«Le marché du jouet est difficile car il est cyclique, constate Jean-Jacques Philippe, responsable de la filiale suisse de King Jouet, chaîne française spécialisée installée en Suisse depuis trois ans. Nous devons constamment surfer sur la nouveauté et la technologie. Or, 2004 n'est pas une année qui apporte son lot de nouveautés, alors que la vente des jeux vidéo s'est déjà essoufflée.»

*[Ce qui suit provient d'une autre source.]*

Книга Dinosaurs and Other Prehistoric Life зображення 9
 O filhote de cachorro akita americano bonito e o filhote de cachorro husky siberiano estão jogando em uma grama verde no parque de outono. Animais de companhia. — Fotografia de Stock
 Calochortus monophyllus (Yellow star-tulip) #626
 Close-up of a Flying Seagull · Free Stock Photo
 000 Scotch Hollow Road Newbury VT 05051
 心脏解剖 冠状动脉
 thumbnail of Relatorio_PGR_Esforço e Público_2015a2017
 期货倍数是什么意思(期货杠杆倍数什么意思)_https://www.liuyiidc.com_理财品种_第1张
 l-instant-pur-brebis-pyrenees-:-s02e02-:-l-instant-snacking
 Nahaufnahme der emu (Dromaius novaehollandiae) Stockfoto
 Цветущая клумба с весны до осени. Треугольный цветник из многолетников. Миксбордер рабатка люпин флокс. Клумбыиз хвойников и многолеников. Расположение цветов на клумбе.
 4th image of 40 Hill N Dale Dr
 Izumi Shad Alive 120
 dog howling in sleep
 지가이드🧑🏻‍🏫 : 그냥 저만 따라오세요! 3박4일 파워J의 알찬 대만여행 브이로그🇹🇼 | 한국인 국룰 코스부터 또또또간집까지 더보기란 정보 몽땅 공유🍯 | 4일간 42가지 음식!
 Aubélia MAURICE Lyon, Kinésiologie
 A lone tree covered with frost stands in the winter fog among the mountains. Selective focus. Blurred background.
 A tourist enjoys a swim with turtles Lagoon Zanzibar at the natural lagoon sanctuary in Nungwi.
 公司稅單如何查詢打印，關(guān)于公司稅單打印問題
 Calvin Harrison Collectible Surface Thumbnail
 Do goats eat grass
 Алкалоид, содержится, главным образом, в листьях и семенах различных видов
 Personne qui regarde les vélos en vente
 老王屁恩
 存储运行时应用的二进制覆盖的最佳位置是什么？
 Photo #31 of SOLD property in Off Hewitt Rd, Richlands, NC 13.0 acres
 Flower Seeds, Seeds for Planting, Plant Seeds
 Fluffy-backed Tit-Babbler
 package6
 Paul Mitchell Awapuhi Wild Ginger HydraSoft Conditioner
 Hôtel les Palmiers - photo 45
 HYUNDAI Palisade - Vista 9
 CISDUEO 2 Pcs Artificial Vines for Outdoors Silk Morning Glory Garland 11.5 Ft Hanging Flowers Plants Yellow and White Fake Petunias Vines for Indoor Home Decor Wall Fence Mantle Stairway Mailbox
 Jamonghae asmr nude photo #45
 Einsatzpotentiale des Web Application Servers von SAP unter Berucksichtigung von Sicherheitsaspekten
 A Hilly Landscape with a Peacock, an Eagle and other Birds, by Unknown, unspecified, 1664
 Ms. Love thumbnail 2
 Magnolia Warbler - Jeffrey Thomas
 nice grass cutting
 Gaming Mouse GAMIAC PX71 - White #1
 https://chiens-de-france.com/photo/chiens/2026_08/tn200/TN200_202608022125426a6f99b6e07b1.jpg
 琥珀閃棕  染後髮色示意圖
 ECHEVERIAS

Deux cents millions de francs, soit près de la moitié du chiffre d'affaires annuel de la branche, devraient tout de même être encaissés en novembre et en décembre. C'est la période faste pour les spécialistes, qui doivent rentabiliser toute l'année leurs surfaces de vente, alors que les grands magasins disposent d'une flexibilité synonyme de meilleure rentabilité. Plusieurs magasins du groupe Manor, premier vendeur de jouets en Suisse, augmentent de 30% la surface du rayon jouets à l'approche des fêtes de fin d'année.

Kurt Meister, spécialiste du secteur du jouet auprès de l'institut d'études de marché IHA-GfK, constate un déclin des ventes de 20% sur cinq ans en Suisse. En l'an 2000, le chiffre d'affaires de la branche, sans les jeux vidéo et les consoles, était estimé à 500 millions de francs. Il n'est plus que de 400 millions aujourd'hui. Les ventes ont encore fléchi de 3% l'an dernier, «mais la reprise s'est fait sentir dès septembre après un été 2004 décevant», note Jean-Jacques Philippe. «Le marché du jouet s'est effectivement contracté, mais il a mieux résisté à la récession que l'ensemble de l'économie», constate Reto Zurflüh, porte-parole de l'Association suisse des jouets.

Sans parler de Lego, entreprise en déficit chronique qui aura supprimé plus de 1000 emplois jusqu'en 2006, les principaux fabricants de jouets tirent la langue. C'est notamment le cas de l'Américain Mattel, numéro un mondial, père de la poupée «Barbie» en perte de vitesse face à sa nouvelle rivale japonaise «Bratz». Le groupe a vu son profit net chuter de 39%, à 32,5 millions de dollars, durant le premier semestre. La direction se plaint de la méfiance des distributeurs à constituer des stocks avant les fêtes de fin d'année.

Toys «R» Us et King Jouet à la peine

L'ambiance n'est pas à l'euphorie, au moment où le géant américain de la branche, Toys «R» Us, a annoncé qu'il recherchait un repreneur pour ses 1200 points de vente. Le groupe, entré avec fracas sur le marché suisse au début des années 1990, a dû limiter, ici, ses ambitions à l'ouverture de quatre magasins. Numéro un aux Etats-Unis à la fin des années 1980, avec une part de marché de 25%, il s'est vu coiffer au poteau par la chaîne de grands magasins Wal-Mart, qui contrôle aujourd'hui le quart du marché du jouet outre-Atlantique.

Le même phénomène s'est produit, à plus petite échelle, en Suisse. Les grands magasins, notamment Manor et Migros qui se disputent la place de numéro un du jouet, ont augmenté leur part de marché au détriment des chaînes spécialisées comme Franz Carl Weber, qui revoit pour la deuxième fois sa stratégie (lire ci-dessous). King Jouet tente – par une politique de grand assortiment à des prix très compétitifs – de réussir là où Toys «R» Us a échoué. Le programme d'expansion du groupe français, qui envisageait l'ouverture de cinq nouveaux points de vente en Suisse cette année, est cependant fortement ralenti.

Bien implantés, les grands magasins ont encore gagné des parts de marché en un an. Kurt Meister l'évalue à 60%, contre 58% l'an dernier. «Les magasins spécialisés, s'ils savent se montrer créatifs, ont cependant encore une carte intéressante à jouer car le niveau des prix accepté par le consommateur reste élevé en Suisse dans un secteur où la guerre des prix, contrairement à la France, n'a pas été ouverte», constate-t-il.

«Le consommateur préfère souvent se rendre chez le spécialiste afin d'être mieux conseillé, mais cet atout n'est plus suffisant aujourd'hui, note Reto Zurflüh. Rien n'empêche en effet le client d'obtenir des conseils dans un magasin spécialisé, puis d'acheter le jouet meilleur marché dans un grand magasin. Les commerces spécialisés doivent donc absolument améliorer leur offre.»